Nathan Myhrvold *83 has one of the premier résumés of the digital age. He didn’t merely work in software; he founded Microsoft Research and spent 13 years as an all-purpose sage and eccentric genius at the side of Bill Gates.
He didn’t merely study physics and math; he studied them at Princeton, where the physics and math faculties are among the best in the world — and then he flew off to Cambridge for some tutelage at the feet of Stephen Hawking.
He doesn’t merely like to cook: He’s a master chef (and has worked in one of Seattle’s best restaurants) who once won a barbecue contest in Memphis. He doesn’t just take pictures: He’s an award-winning wildlife photographer. As for his well-known interest in paleontology, he’s no ordinary bone collector. He has enough fossils to stock a small museum. Put it this way: He has a T. rex — the whole thing! — in his living room. It’s 17 feet tall and 45 feet long. (“It gets your attention,” he says. “My kids grew up thinking it was normal.”)
Myhrvold, 49, is such a Renaissance Man that he might as well stencil those words on his business card. He’s someone who, if his cash flow got dicey, probably could make a pile of money just letting people listen to him brainstorm about the future of technology. He granted PAW an interview that lasted an hour and 45 minutes and barely skimmed the surface of his many ideas and interests.
But it’s a bit tricky pinpointing precisely who and what Myhrvold is. Most adults have jobs that don’t require elaboration explication. Not so Myhrvold. What would he put on a form under “Occupation”?
“For a long time I didn’t know what to call myself,” he says. “For a long time I would say ‘physicist.’ These days I put ‘inventor.’ ”

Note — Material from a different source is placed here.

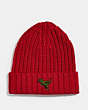 COACH®,REXY BEANIE,wool,Rexy Red,Front View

He actually is something more complicated than that. He’s an innovation maestro, an inventor slash promoter slash entrepreneur. Among his most important inventions, he says, is the business model of the company he founded, Intellectual Ventures, or IV, an investment fund that’s similar to a venture-capital outfit — except that, rather than investing in startup companies, it buys patents.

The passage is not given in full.